You need someone that has no friends to do this just. Yes.
Oh, very much so. Yeah, yeah.
You can't.

The person who is, you know, trying to, you know, sniff out the black market cigarette ring, you got to have somebody who doesn't care if they're liked.

And in fact, you got to have somebody who kind of likes being disliked. Now, even though Ronnie Jean hadn't seen a second of combat in Vietnam, he nevertheless became a gun nut once he returned.

Admittedly, he had lived through parts of the Tet Offensive, in which the Viet Cong had launched surprise attacks against military and civilian command centers throughout South Vietnam.

Nobody was safe during the Tet Offensive, and a lot of people who thought that they were safe from combat were killed during that attack.

But because Ronnie Jean had at least been shot at, or at the very least, or at the very least, he was on a base that was attacked, he began fantasizing about wielding an M16 rifle in pretend firefights against the Viet Cong.

A little old for that.

It teaches you to look at me like I'm something bad.

He's the worst. He's a fucking poor prick.
Yeah. He went to gun ranges and put in dozens of hours practicing with M16s, Rugers, revolvers, and rifles.

And much to the misfortune of his family, Ronnie Gene became an incredible shot.

Now Ronald took great pleasure in bragging about his job with the OSI to others, but when anyone asked any follow-up questions, he would smugly tell them, quote,

That's classified.

Such a fucking dickhead thing to do.

That's classified. I'm sorry.
For him, it was quote for the story's too boring to tell. It's extremely boring.
He does paperwork for a living.

But even though Ronald certainly had power, he was neither, as I said, he was neither feared nor loved by his peers, and was mostly known for having an annoyingly good memory for orders and regulations.

Because of his exacting nature, Ronnie Gene believed that he deserved deserved an OSI posting in Washington, D.C.

But when the OSI denied that request, Ronald began taking out his frustrations on the government agency that employed him, which never works out well for anyone.

He wrote several long, pedantic letters to Air Force bureaucrats complaining that he deserved any post he wanted. Then he cited rules and regulations to back up his argument.

Like this idea that it matters. Yeah.
The Air Force did not respond kindly because they did.

At some point in the military, difficult men outlive their usefulness. Yeah.

And they go, once they go over that line, it's like, okay, it's time to stuff this guy somewhere where he's not going to do any harm. Well, because the last place they want him is in Washington, D.C.

Yeah, because you're fine being at a desk in Vietnam during a war. Like, yeah, you, yeah, you can stay there.
Yeah, we like you in Guam. Yeah.

Well, that's the thing is that they actually assigned Ronnie Gene to a posting in England, working as a desk clerk counting inventory. It was a pointed demotion.

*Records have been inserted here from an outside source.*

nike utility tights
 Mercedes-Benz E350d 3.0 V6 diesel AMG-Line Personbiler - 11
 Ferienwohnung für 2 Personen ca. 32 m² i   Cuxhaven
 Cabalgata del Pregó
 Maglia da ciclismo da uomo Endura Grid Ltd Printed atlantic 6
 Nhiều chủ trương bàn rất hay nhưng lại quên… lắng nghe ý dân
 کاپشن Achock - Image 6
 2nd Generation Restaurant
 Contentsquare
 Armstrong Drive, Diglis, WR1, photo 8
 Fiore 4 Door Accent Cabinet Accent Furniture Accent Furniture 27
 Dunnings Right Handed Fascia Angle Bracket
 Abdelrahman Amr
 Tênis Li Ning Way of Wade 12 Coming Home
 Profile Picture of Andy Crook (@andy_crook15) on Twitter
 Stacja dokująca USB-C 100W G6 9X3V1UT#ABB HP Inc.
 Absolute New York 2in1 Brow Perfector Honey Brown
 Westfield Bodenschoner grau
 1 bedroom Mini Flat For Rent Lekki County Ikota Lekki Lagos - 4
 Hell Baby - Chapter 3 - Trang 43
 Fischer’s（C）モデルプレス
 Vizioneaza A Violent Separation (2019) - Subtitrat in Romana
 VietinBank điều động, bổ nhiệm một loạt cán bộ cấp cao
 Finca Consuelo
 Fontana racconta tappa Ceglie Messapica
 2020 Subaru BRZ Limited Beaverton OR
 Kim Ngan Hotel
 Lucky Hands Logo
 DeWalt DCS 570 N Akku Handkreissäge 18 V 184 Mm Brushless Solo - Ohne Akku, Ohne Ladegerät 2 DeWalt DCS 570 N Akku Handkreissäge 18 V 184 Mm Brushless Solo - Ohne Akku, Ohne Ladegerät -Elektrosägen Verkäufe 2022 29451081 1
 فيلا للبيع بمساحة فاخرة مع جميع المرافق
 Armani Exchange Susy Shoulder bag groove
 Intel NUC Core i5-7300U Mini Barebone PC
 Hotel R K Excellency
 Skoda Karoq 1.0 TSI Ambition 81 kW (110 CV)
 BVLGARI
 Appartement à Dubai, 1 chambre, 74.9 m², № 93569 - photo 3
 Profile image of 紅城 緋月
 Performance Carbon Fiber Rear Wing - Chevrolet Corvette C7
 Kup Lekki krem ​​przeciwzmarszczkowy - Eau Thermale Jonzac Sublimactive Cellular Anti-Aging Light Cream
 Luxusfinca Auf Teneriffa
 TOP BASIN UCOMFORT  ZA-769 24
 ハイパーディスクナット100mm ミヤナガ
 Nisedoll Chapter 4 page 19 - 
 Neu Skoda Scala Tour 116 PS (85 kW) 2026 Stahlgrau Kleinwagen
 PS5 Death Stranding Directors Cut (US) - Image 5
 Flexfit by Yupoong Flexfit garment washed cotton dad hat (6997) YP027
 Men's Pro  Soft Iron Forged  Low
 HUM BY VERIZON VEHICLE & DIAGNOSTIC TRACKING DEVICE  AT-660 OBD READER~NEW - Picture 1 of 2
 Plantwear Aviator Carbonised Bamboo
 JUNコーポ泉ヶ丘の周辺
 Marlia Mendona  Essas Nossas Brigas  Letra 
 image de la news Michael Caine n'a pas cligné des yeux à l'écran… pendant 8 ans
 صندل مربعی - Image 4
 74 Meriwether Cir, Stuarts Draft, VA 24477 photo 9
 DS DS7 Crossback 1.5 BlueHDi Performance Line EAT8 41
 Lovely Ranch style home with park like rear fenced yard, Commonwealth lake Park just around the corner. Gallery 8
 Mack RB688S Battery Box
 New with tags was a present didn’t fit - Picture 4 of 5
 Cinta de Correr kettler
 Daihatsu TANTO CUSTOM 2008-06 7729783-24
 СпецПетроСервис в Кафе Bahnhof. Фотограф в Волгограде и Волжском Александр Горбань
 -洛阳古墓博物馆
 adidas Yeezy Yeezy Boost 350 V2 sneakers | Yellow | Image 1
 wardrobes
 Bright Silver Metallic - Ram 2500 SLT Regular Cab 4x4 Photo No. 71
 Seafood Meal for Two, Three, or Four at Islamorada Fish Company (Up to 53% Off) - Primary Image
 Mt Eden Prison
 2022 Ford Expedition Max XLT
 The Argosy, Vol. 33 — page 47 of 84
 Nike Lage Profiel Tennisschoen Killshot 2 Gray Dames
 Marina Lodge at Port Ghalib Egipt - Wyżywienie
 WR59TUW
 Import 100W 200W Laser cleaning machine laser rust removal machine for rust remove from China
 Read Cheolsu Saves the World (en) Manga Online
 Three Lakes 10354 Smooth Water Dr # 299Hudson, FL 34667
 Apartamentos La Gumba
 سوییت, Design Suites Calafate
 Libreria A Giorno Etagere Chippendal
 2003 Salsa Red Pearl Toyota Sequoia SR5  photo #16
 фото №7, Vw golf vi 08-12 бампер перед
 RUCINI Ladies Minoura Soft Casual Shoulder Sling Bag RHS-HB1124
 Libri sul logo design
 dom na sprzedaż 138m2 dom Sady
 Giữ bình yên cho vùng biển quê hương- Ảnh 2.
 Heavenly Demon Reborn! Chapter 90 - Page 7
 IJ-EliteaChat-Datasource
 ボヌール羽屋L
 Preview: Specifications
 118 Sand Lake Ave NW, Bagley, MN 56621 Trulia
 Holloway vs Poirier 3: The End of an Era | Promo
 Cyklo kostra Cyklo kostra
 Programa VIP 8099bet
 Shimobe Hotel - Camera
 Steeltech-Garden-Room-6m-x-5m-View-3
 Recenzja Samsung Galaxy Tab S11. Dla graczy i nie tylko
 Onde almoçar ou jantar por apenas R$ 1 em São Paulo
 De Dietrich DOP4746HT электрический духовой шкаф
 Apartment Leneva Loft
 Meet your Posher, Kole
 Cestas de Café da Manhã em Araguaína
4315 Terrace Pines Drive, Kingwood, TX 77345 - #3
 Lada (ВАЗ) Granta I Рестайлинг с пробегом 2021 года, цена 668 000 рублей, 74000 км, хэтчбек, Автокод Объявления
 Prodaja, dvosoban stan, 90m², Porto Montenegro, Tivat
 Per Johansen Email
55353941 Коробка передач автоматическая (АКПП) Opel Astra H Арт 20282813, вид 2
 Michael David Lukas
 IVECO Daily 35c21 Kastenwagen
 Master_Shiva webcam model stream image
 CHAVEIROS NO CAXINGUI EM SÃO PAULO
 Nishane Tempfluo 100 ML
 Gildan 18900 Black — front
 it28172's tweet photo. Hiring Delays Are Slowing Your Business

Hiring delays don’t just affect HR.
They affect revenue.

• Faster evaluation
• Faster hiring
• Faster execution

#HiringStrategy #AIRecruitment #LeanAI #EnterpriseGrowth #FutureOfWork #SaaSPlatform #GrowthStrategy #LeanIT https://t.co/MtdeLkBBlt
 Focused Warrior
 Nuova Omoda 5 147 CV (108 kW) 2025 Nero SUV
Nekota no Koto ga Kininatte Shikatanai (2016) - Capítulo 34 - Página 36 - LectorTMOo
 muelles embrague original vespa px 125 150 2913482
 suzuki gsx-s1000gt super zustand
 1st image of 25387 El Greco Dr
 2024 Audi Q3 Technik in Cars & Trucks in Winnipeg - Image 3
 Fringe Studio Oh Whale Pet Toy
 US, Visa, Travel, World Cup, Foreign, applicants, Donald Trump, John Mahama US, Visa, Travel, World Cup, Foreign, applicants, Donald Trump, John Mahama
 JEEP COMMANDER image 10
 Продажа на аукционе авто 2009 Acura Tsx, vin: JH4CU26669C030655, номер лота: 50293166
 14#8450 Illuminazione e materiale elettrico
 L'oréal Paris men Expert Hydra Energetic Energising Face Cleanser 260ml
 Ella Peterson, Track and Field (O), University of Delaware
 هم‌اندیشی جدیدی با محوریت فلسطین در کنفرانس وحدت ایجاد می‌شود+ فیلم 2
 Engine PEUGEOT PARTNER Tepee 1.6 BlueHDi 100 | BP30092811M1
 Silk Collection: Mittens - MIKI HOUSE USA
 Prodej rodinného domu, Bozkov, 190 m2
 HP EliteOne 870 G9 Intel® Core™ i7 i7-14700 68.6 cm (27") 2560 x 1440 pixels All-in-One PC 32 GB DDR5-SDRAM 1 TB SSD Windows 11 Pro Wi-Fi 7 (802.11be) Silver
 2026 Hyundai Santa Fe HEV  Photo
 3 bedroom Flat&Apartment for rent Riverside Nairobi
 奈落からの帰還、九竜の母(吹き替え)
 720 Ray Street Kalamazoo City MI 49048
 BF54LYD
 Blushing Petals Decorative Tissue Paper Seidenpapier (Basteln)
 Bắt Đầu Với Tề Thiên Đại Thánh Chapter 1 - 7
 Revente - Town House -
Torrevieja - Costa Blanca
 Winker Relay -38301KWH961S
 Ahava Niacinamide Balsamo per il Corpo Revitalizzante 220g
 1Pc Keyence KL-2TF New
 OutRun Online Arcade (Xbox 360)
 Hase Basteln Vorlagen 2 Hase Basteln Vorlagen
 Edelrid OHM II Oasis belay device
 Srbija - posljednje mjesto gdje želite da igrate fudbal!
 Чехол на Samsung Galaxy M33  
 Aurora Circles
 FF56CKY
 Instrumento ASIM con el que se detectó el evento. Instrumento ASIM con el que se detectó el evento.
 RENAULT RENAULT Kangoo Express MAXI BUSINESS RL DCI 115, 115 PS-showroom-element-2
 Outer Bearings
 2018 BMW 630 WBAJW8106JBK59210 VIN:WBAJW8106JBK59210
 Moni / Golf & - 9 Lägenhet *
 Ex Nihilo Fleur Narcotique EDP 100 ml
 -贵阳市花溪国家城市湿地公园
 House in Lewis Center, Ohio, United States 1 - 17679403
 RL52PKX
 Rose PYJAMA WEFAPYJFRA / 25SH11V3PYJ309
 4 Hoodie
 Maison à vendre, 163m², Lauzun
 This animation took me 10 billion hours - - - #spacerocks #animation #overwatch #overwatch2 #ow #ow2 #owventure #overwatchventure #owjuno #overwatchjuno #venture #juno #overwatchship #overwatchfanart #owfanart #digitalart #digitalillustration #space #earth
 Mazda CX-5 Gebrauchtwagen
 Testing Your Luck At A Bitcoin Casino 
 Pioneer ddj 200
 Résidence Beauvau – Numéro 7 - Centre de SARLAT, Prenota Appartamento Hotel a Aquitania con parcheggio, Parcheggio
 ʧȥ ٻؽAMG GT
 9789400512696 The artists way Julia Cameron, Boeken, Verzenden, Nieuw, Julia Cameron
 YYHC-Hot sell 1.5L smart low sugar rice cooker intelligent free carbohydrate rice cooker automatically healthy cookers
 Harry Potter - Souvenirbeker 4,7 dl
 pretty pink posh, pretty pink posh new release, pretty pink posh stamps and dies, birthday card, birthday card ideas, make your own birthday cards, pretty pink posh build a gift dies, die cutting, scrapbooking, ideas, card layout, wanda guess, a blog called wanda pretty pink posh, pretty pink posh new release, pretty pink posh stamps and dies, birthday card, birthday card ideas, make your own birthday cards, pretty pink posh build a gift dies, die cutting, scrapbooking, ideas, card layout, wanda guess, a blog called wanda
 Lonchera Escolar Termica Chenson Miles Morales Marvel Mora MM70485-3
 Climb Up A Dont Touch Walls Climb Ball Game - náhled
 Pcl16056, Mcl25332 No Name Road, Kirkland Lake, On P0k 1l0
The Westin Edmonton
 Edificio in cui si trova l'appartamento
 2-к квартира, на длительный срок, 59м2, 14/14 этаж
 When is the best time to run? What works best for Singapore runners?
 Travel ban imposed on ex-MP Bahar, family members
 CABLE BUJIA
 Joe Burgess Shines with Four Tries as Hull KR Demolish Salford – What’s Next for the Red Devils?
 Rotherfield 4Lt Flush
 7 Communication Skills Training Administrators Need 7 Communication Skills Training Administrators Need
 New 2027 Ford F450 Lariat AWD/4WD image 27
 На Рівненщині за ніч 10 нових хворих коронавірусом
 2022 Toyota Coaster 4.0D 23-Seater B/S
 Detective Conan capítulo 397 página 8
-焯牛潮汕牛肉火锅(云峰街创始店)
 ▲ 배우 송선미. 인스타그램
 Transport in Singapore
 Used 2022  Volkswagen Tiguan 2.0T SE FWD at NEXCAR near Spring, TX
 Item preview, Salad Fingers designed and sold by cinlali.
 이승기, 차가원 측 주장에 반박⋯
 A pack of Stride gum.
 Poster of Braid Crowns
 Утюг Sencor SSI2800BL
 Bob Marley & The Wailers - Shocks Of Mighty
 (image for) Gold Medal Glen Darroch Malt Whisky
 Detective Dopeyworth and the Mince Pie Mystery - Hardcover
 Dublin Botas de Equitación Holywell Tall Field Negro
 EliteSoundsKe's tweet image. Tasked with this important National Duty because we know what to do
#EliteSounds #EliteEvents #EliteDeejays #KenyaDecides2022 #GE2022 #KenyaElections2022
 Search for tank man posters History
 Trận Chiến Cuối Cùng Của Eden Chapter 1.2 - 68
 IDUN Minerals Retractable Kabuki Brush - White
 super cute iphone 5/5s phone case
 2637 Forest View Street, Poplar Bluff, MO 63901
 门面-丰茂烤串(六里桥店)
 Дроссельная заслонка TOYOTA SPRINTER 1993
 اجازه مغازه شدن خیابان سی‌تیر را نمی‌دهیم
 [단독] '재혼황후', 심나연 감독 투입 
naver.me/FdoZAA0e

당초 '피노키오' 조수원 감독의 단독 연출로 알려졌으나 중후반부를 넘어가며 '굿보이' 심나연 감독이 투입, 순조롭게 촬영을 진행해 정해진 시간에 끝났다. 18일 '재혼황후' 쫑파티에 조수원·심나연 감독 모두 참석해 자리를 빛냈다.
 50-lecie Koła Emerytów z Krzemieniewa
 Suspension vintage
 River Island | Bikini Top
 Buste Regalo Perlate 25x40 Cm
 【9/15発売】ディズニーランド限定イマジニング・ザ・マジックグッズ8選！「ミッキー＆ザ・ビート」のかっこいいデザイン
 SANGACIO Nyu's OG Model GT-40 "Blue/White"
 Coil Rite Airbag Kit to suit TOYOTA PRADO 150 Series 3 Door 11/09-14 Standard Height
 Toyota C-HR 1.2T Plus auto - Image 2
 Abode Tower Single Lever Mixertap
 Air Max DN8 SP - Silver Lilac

Just after Ronnie Gene and his family arrived in England in 1973, Becky gave birth to their fifth child, which put the Simmons clan at three boys and two girls.

But while his desire for a large family was going nicely, the demotion in England fucked with Ronnie's sense of how the world should be, and he therefore began beating his wife.

He's traveling the world. He should like have any type.
He's seen everything. Yeah.

He should just enjoy life at this point san francisco england but it's but it's not the thing but it's not what he believes he deserves yeah you know arkansas and he's right actually

from what it seems like the beatings began when becky finally demanded that ronald teach her how to drive ronald begrudgingly agreed but every time becky made a mistake ronnie jean would physically strike her and after that precedent was set ronald would hit her for any mistake like not making a meal the way he liked, or not doing laundry correctly.

Ronnie Gene's five children, meanwhile, were treated as nuisances.

Whenever the family did something that Becky and the kids wanted to do, Ronnie Jean would complain about how boring it was the whole time, and then would finally find a reason to never do it again.

For example, when the kids wanted to get into roller skating, Ronald tried it first, but when he crashed and hurt his elbow, like the fucking nerd that he was, he declared that roller skating was too dangerous to be a family activity, because he wasn't good at it.

Nobody could control all the wheels. You got eight wheels underneath you.
That's insane. That's four more than a car.
That's the legal amount of wheels. So what you have is four.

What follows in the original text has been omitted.